A simple virtual pets game as a ASP.NET Core Web API

Instructions for running

Using Docker locally:

docker build . -t vpets -f Dockerfile

docker run -p 8080:80 -p 8001:443 --name vpets vpets

This will run tests and host it on your local machine.

Alternatively you can use the dotnet CLI, or open the project solution in Visual Studio.

Approach

Technologies

This was my first time writing a web-service in C#, so I relied heavily on Microsoft's documentation.

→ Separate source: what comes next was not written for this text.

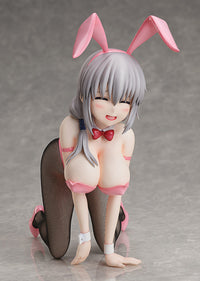 Uzaki-chan Wants to Hang Out! uu: Tsuki Uzaki: Bunny Ver. - 1/4 Scale Figure (FREEing)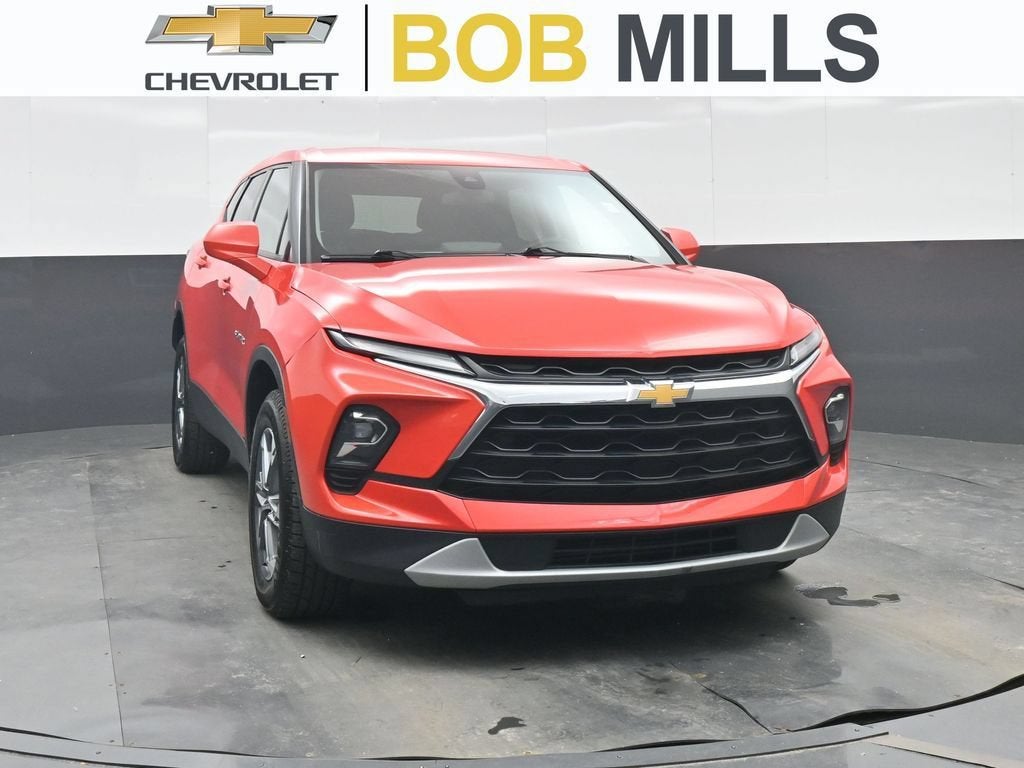 2025 Chevrolet Blazer 2LT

I chose to create the application using ASP.Net Core and an in-memory database, cross-applying design concepts from Java e.g. separation of concerns between aspects of the domain via interfaces, from an MVC pattern to services and repositories.

Models

I expressed the pets as POCOs with abstract parent classes - as a result, types of metrics and animals, in addition to the generation of their field values could all be extended to incorporate further game features.

Game Loop

The core game loop is achieved by using time deltas to compute the "actual" values of metrics. A combination of a background service to mutate pet metrics on the server (while the user is "offline"), and volatile computation on GET requests ensures the user always receives accurate information about their pets, without putting too much load on the service or breaking HTTP method specifications such as idempotency. Pet metrics degrade linearly, and when interacted with are set to their "best" value. Most virtual pet games will close their game loop by killing the pet (or making it "run away" a la Nintendogs) based on player actions - I have designed the system with this in mind.

Defensiveness

In order to not expose too much information to the client, and to enforce strict contracts, I've used custom value mappers and field-level annotations. I've also created unit and integration tests where appropriate.

Improvements

Some improvements that could be made given more time:

  • More granular error handling and logging
  • More comprehensive tests
  • More production-ready database integration
  • Separation of configuration and default values into centralised key-value store
  • Authentication (OAuth 2.0 w/ JWT?)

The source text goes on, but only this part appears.